- EXERCISE DATA:
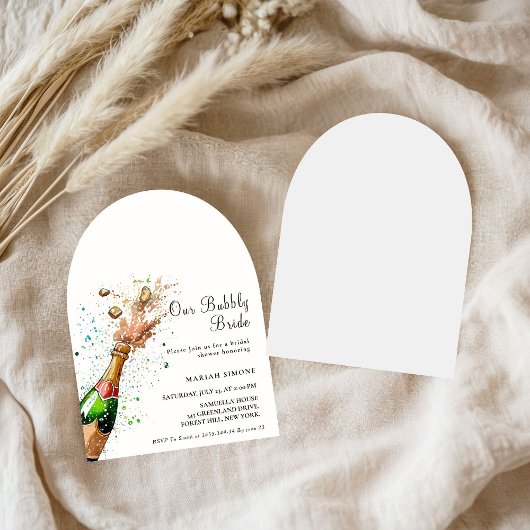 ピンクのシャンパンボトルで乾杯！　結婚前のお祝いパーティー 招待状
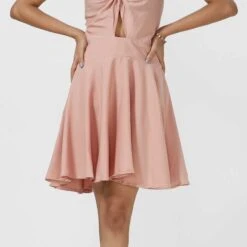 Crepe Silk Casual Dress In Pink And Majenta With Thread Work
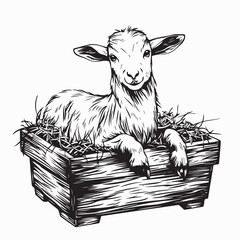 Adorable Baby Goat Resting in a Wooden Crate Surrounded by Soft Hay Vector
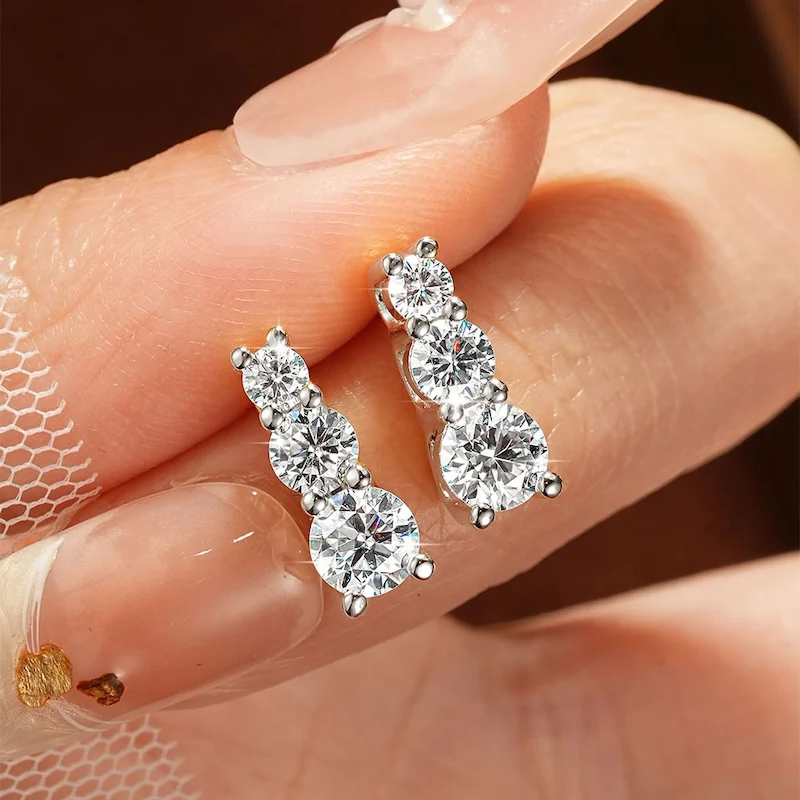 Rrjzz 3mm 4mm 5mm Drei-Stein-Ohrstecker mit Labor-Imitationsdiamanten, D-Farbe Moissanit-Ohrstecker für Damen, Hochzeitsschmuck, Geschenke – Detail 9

---

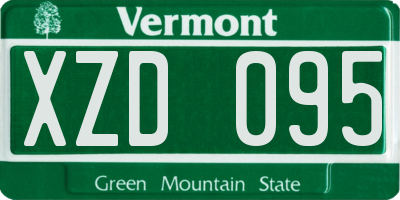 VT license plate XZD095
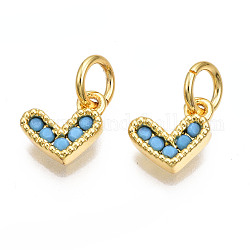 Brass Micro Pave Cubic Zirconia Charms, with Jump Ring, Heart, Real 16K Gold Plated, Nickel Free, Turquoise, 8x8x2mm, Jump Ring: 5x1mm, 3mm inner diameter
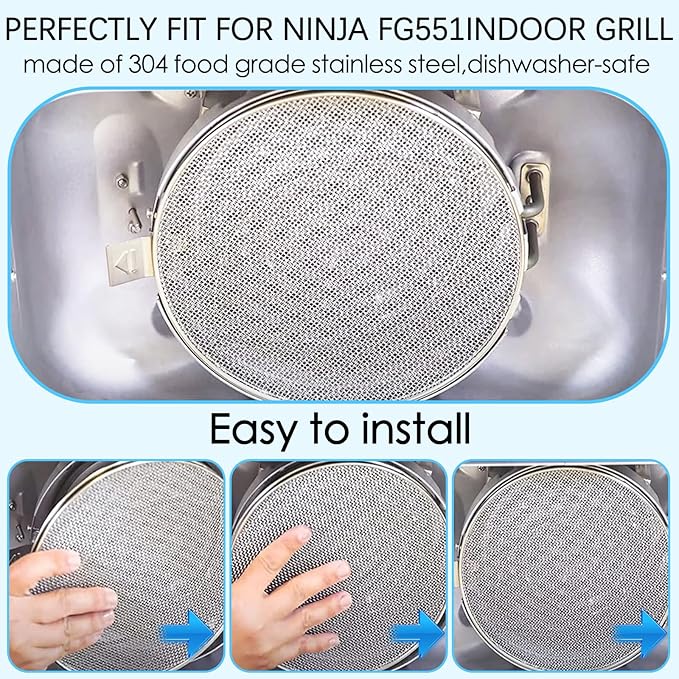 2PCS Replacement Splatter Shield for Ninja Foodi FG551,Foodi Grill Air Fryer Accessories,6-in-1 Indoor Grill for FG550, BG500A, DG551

- PROBLEM DESCRIPTION:
From the records above, give again only the part that opens with the line containing "Brass Micro Pave" and closes with the line containing "2PCS Replacement Splatter". Keep both ends but drop the pictures.

- THE COMPLETED TASK:
 Brass Micro Pave Cubic Zirconia Charms, with Jump Ring, Heart, Real 16K Gold Plated, Nickel Free, Turquoise, 8x8x2mm, Jump Ring: 5x1mm, 3mm inner diameter
 2PCS Replacement Splatter Shield for Ninja Foodi FG551,Foodi Grill Air Fryer Accessories,6-in-1 Indoor Grill for FG550, BG500A, DG551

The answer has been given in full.